The firm’s investment-banking and capital markets businesses both turned in higher revenue from a quarter ago and a year ago, which should be welcome news for investors anticipating larger U.S. banks’ quarterly results in mid-October.
Jefferies typically reports earnings ahead of big commercial lenders such as JPMorgan Chase and Citigroup, offering an early window into clients’ dealmaking appetite.
Jefferies’ report on Monday, however, did little to impress investors who have watched the firm’s stock underperform the broader market for much of this year. Shares fell between 1.5% and 2.6% in after-hours trading.
In a statement, Chief Executive Officer Richard Handler and President Brian Friedman struck an optimistic tone.
They said they are encouraged by “the rebound in global market sentiment,” and that the higher revenue from advisory work was thanks in part to “an improvement in the environment for mergers and acquisitions and capital formation.”
Handler and Friedman added, “While the world will remain volatile and full of challenges, we are increasingly optimistic about the near and long-term outlook for Jefferies.”
The New York-based bank said that it generated $224 million of net earnings during its third quarter—the three months through Aug. 31—up from $167 million in the same period a year ago.
That amounted to $1.01 per share, topping Wall Street’s forecast of 80 cents, on revenue of $2.05 billion. The consensus call among analysts was for $1.9 billion of revenue, per FactSet data. Jefferies said the $656 million of revenue from the investment-banking advisory business marked its best quarter ever.

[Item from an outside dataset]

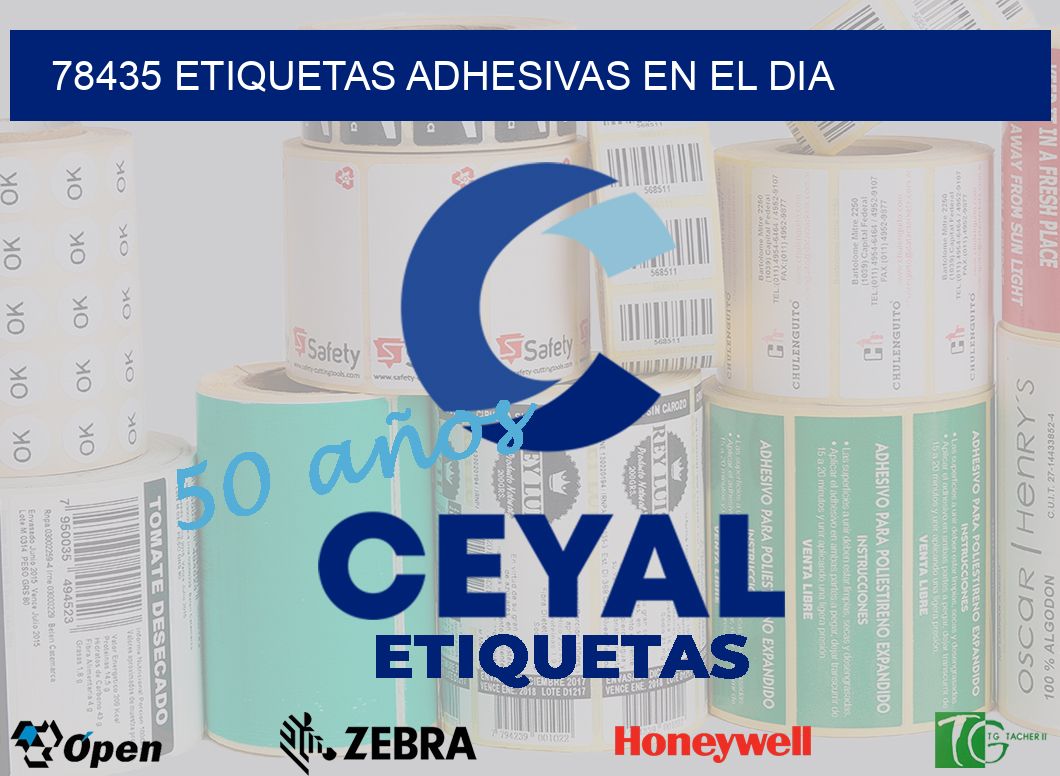 78435 ETIQUETAS ADHESIVAS EN EL DIA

The upbeat results marked a rebound from the quarter prior, when Jefferies reported firmwide per-share earnings that fell short of expectations and dropped from a year earlier.
Shares of Jefferies have fallen 15% this year while the S&P 500 and the Financial Select Sector SPDR Fund have risen 13% and 12%, respectively. Jefferies doesn’t hold a quarterly earnings call, though it has scheduled a day of investor presentations on Oct. 16.